Global markets advanced in October, supported by a late-month US-China trade truce and robust corporate earnings, though concerns around private credit and US regional banking created periodic volatility. The month witnessed significant market swings, with the S&P 500 suffering its worst daily decline since April’s Liberation Day turmoil: on 10 October, the index fell by 2.7% in local currency terms, amid escalating trade tensions, though it later recovered as diplomatic progress emerged. Late in the month, a meeting in South Korea between President Trump and President Xi proved pivotal, extending the tariff truce and reducing US fentanyl-related tariffs on China from 20% to 10%, while postponing Chinese export restrictions on critical materials.
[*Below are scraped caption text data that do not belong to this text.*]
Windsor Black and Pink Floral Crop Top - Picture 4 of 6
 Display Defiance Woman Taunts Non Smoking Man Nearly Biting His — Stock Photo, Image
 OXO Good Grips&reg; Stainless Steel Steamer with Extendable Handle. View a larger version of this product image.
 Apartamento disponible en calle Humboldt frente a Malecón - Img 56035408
Regional equity markets delivered broad gains, with Japan (5.1%) leading performance. This followed Sanae Takaichi’s election as LDP leader, and subsequent appointment as prime minister, which fuelled expectations of more expansionary fiscal policies. The US (4.8%) gained, in part due to sterling weakening against the US dollar. Notably, gains in US equities remained narrow: in local currency terms the equal-weighted S&P 500 fell 0.9%, despite the overall index rising by 2.3%. This was driven by continued AI enthusiasm as Nvidia became the first company to reach a $5 trillion market capitalisation. The UK (4.1%) outperformed European peers (3.0%), supported by falling gilt yields and commodity strength helping the mining sector. Emerging markets (4.4%) were generally a beneficiary from easing trade concerns, although China (-1.2%) was a notable outlier.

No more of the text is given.